I'm looking to order a good Tagalog book to help me out. I live in Canada and the only books I can find here are small travellers pocket books with phrases but very little explanations. 

What I'm really look for is a book that explains in depth about affixes, how they are used etc. I've heard the father Leo English is a good one.

Any advice would be appreciated before I go choose one.


----------



## Paul_B

The best book I've found so far is *Basic Tagalog for Foreigners and Non-Tagalogs* by Paraluman Aspillera. You can find the Table of Contents using Google. Unfortunately it's not the most thorough book, so you'll have to use it in conjunction with other Tagalog resources.


----------



## romelako

Unfortunately there aren't many printed resources of Tagalog that are worth reading.  Actually, there really aren't a lot of resources.  This website:

http://www.seasite.niu.edu/Tagalog/Tagalog_Homepage99/learning_tagalog_on_this_site.htm

...is a pretty good website to start learning the grammar basics.  It even has a list of Tagalog verbs with both their Actor-Focus and Object-Focus forms.  I wouldn't recommend the reading examples as they are the older forms of Tagalog and some are difficult to understand.

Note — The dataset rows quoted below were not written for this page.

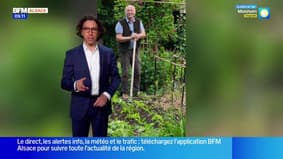 Un peu de cinéma, du jardinage et de la bonne humeur - La météo de Colas du mardi 27 janvier 2026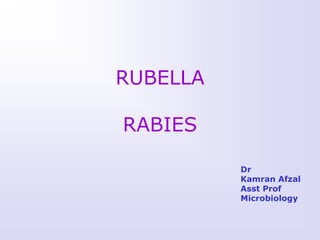 RUBELLA

RABIES

          Dr
          Kamran Afzal
          Asst Prof
          Microbiology
 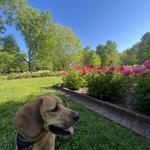 Ashland - The Henry Clay Estate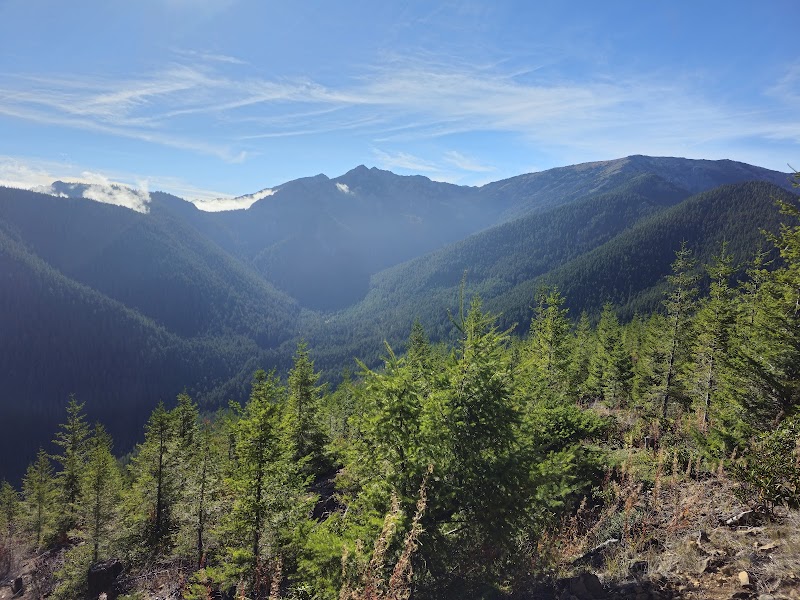 Discover the Wonders of Olympic National Forest outdoor detail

There are still so many more affixes that aren't covered at that website.  I haven't been able to find a website that has all of the affixes, so it's very difficult.

I hope this helps.


----------



## mikeneve

The best book out there is Tagalog Verb Guide by Hawkins and Gallo-Crail. The hardest part of learning Tagalog is verb focus and orientation. If you can get that down, then the language comes easy. The book really breaks it down and make learning easy.


----------